2) This indeed looks like a visual bug and is something we intend to look into. That being said, I'd also like to point out that DL Workbench generally expects uploaded models to be in BGR color space as most tools in OpenVINO by default rely on OpenCV to handle image processing. This may affect things such accuracy measurements on your model, for which you'll most likely have to manually adjust the configuration.
3) As mentioned before, this question is directly tied to 1), meaning that you won't be able to evaluate the differences in theoretical data on your NUC. However, as the name implies, this data can only provide a rough estimate, and what DL Workbench provides apart from that is configurable inference using Benchmark App, visualization of execution data and quantization to INT8 using POT. Upon which note, have you been able to successfully utilize any of the mentioned features?
4) From what I gather, the script you mention operates with video data. Unfortunately, Workbench does not support video data at present, so you'll have to convert it to image form and create a dataset matching a format which supports the given task. As for the labeling part, this particular operation is not something we support, but is something that can be requested as a postprocessing feature for the Accuracy Checker tool.
Thanks for your reply.
1. When we run the IR model in terminal (using the Python script I mentioned), we can run the IR model in CPU or GPU by specifying "-d CPU" or "-d GPU", respectively. At the moment, we can benchmark the performance in terms of frames per second, but not accuracy. That said, does DL Workbench supports Intel GPU to perform the inference? If so, how do we make it use GPU? Do you guys have any resources (like Python script) where we can measure the accuracy on a terminal instead of DL Workbench?

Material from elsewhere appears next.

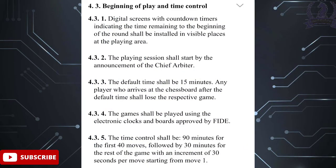The time control shall be 90 minutes for the first 40 moves, followed by 30 minutes for the rest of the game, with an increment of 30 seconds per move starting from move number one.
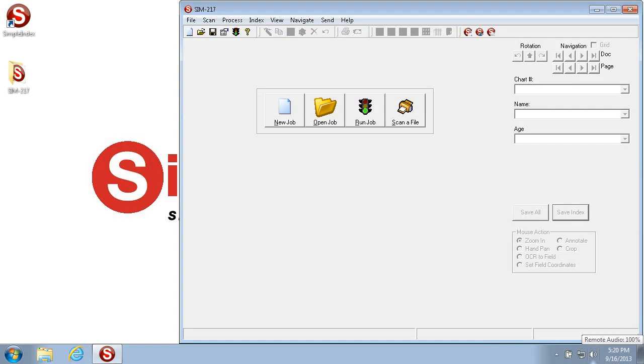Welcome to the Simple Software Training University video number 217, the Navigate menu.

More information: At the "2. Select an Environment" in DL Workbench, we only can select the CPU and no GPU selection. Note that the device has the latest Intel Graphics driver version installed as seen from the screenshot.
3. We have yet to try out the POT feature. Any useful tutorials regarding the usage of Benchmark App, visualization of execution data and quantization to INT8 using POT?
4. If possible, better to have an option to input (Python file) as a postprocessing feature for the Accuracy Checker tool in the future.
Thanks for reaching out to us.
DL Workbench does supports Intel GPU to perform the inference. To start DL Workbench with Python Starter, you need to use --enable-gpu argument. Please refer to Advanced DL Workbench Configurations for the complete list of command-line interface arguments for Python Starter, and additional docker run command-line options.
On another note, with the DL Workbench, you can perform INT8 calibrate your model locally, on a remote target, or in the Intel® DevCloud for the Edge. To read more about INT8 inference, see Using Low-Precision INT8 Integer Inference and Post-Training Optimization Toolkit.
On the other hand, we appreciate your request and agree that an option to input a Python file as a postprocessing feature for the Accuracy Checker tool could be a useful option to have. We will keep this feature request in mind for a future release.
Thanks for your question.
This thread will no longer be monitored since we have provided suggestions.
If you need any additional information from Intel, please submit a new question.